TASK — Everything from the line with "Миска греческого йогурта" down to the line with "3rd image of 83 El Portal Way" below must be printed exactly, those two lines included. Exclude pictures.

STORED DATA —
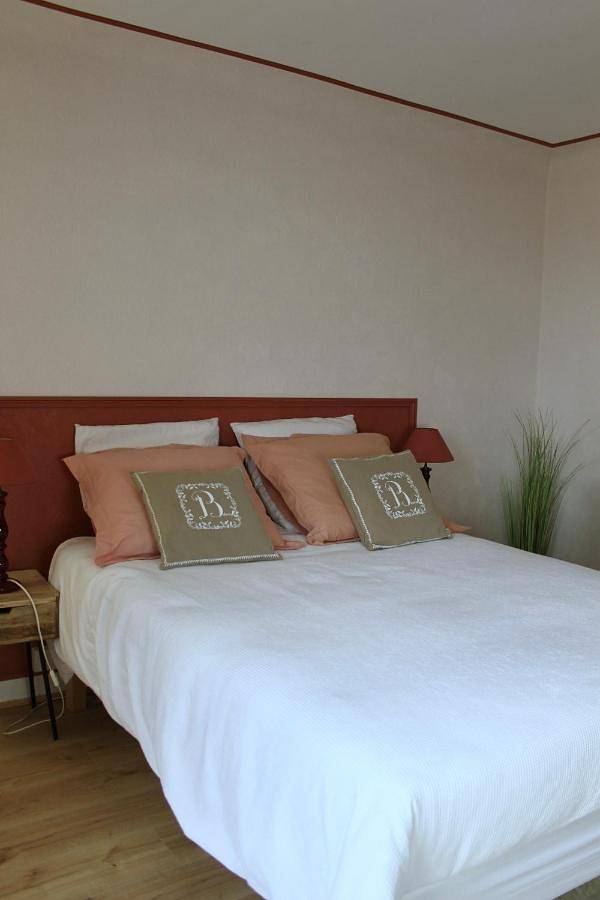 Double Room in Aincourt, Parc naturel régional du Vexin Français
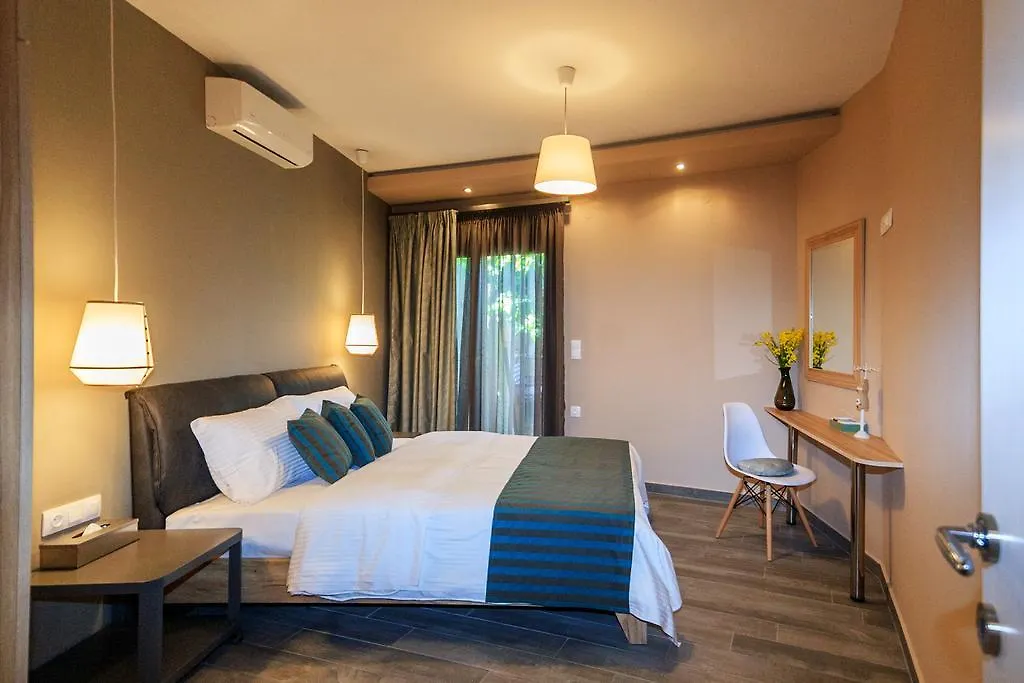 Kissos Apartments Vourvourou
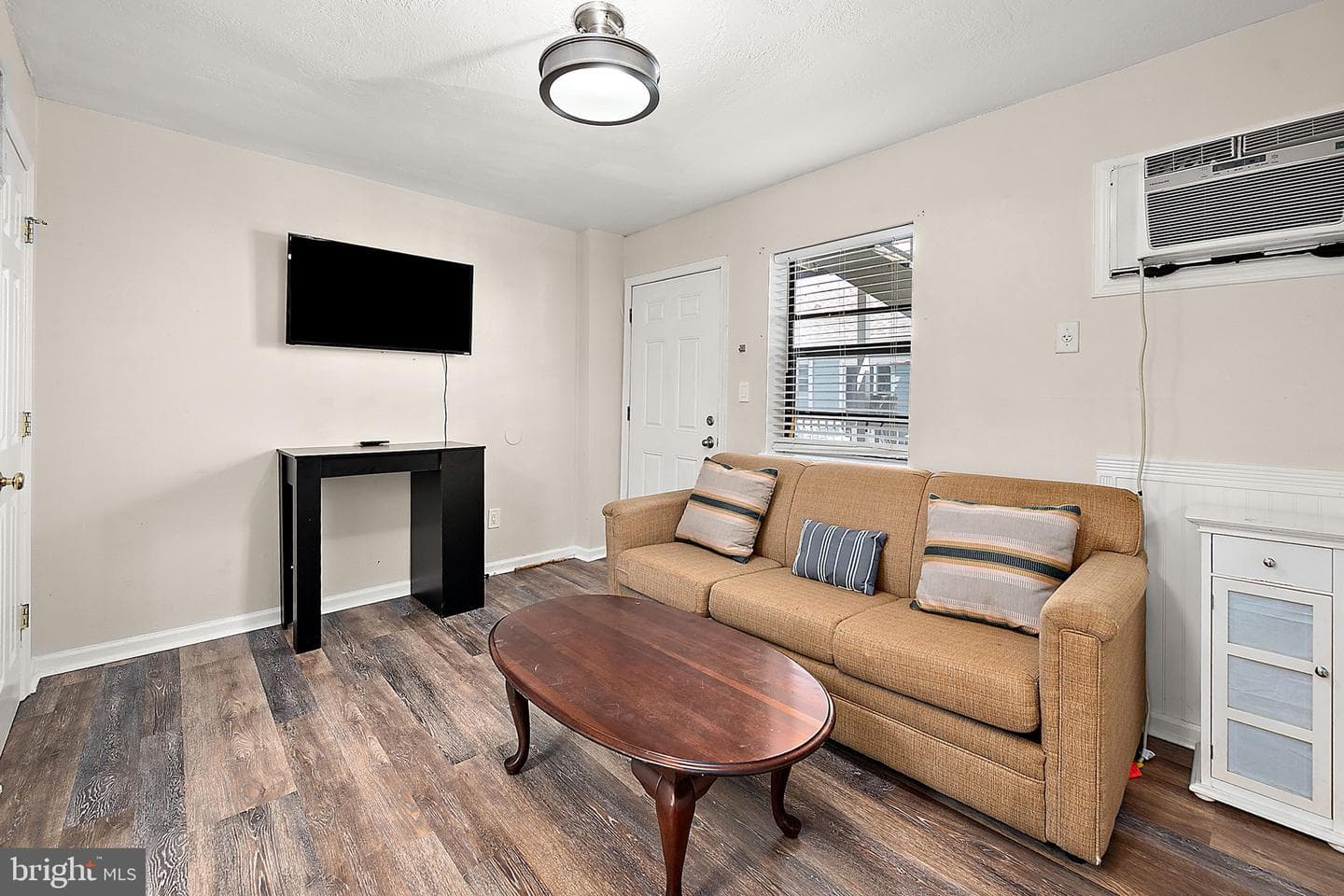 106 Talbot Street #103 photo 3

==

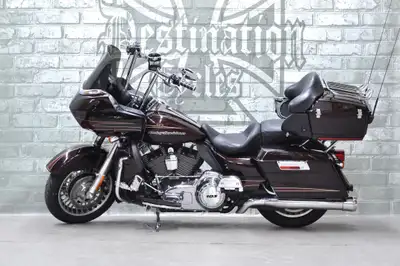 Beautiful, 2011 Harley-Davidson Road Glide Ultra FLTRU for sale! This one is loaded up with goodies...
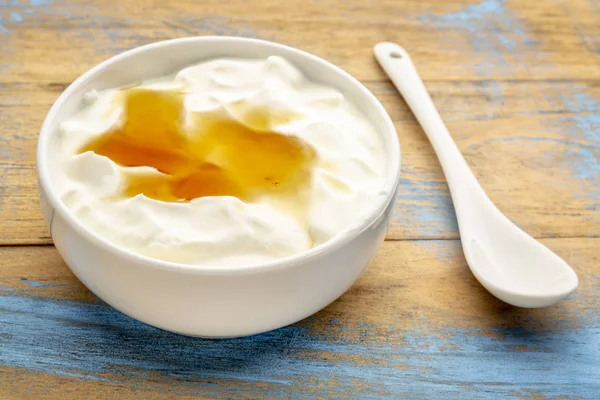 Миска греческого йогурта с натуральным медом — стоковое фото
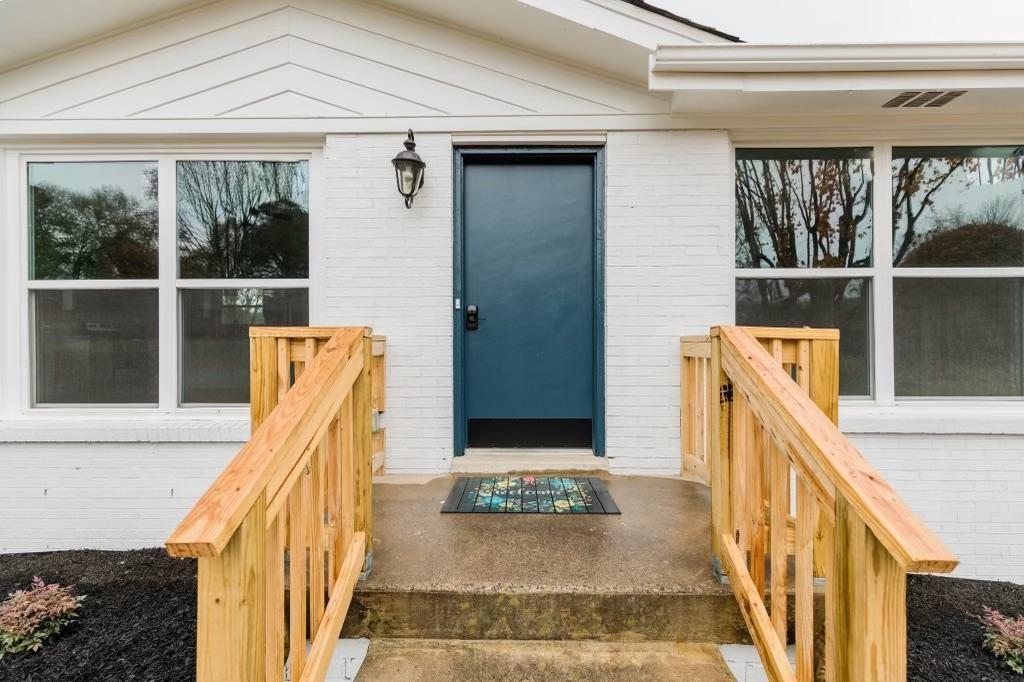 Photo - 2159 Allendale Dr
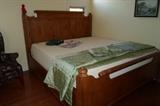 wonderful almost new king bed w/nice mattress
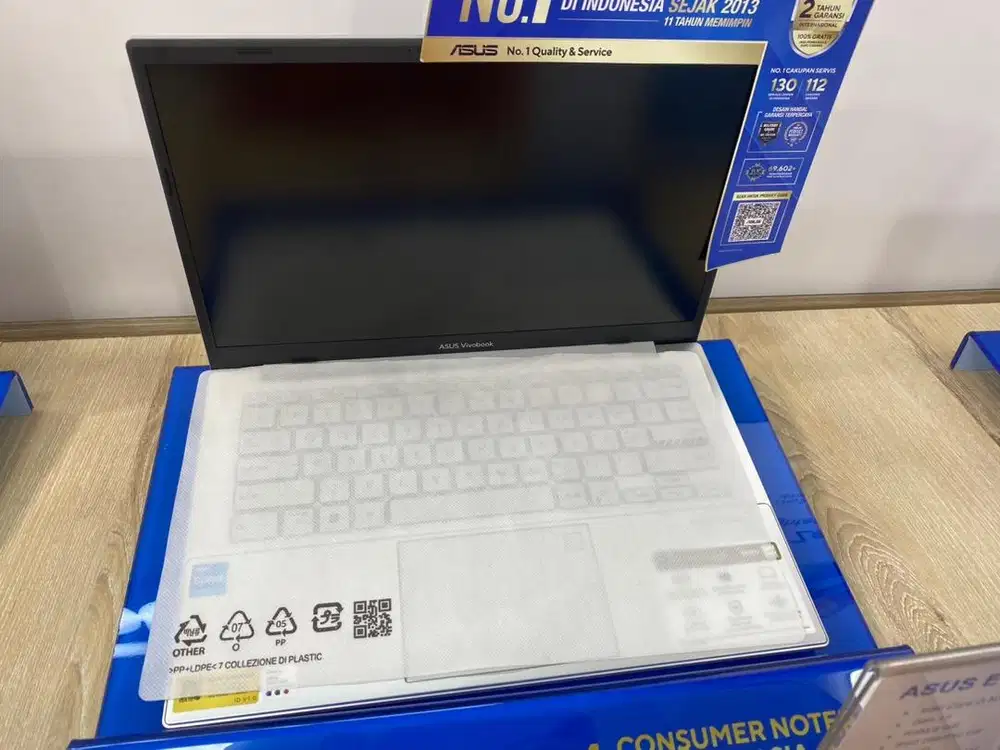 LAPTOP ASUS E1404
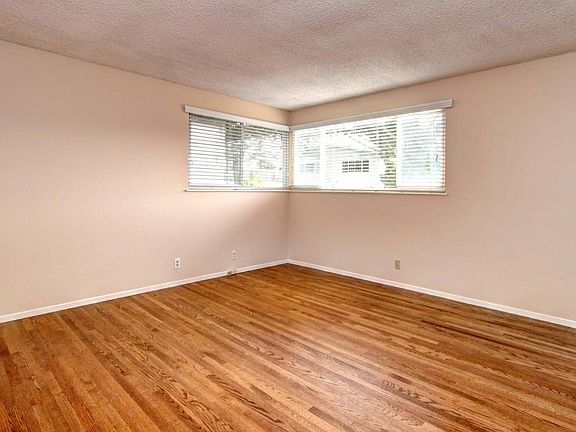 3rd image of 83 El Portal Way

==

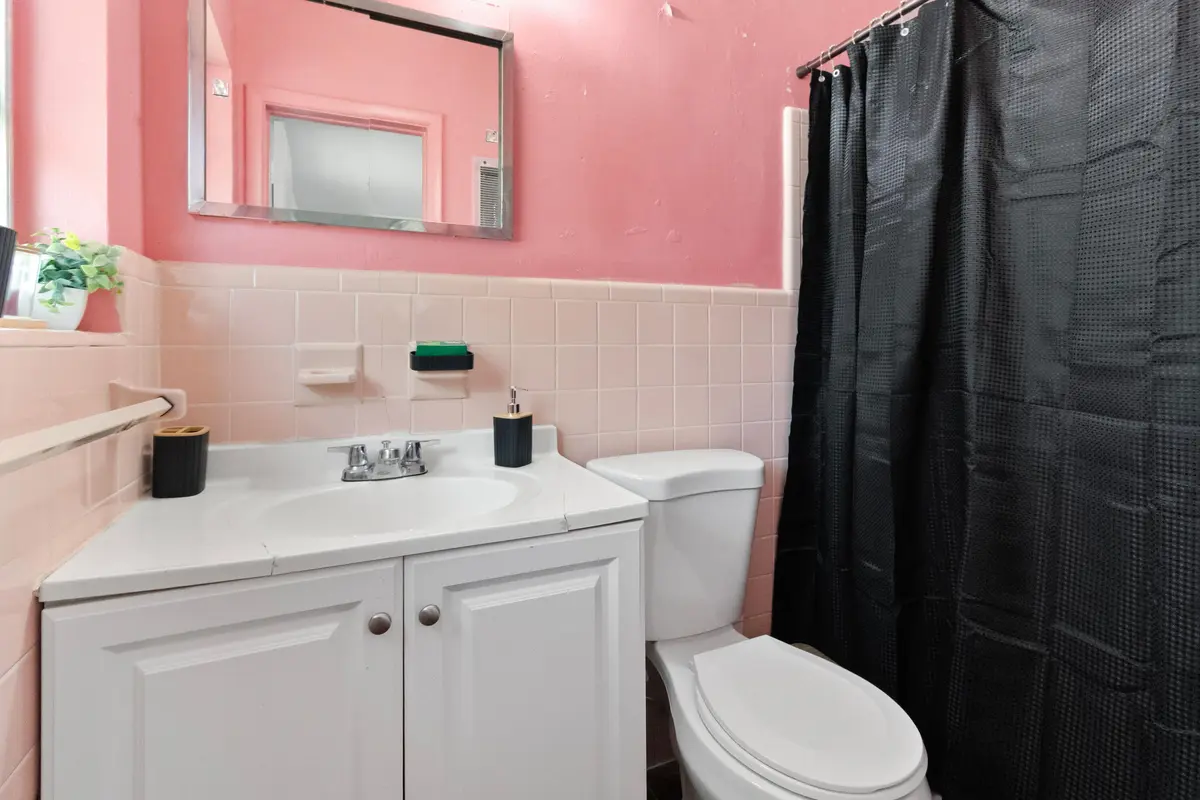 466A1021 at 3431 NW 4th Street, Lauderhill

ANSWER TO THE EXERCISE —
 Миска греческого йогурта с натуральным медом — стоковое фото
 Photo - 2159 Allendale Dr
 wonderful almost new king bed w/nice mattress
 LAPTOP ASUS E1404
 3rd image of 83 El Portal Way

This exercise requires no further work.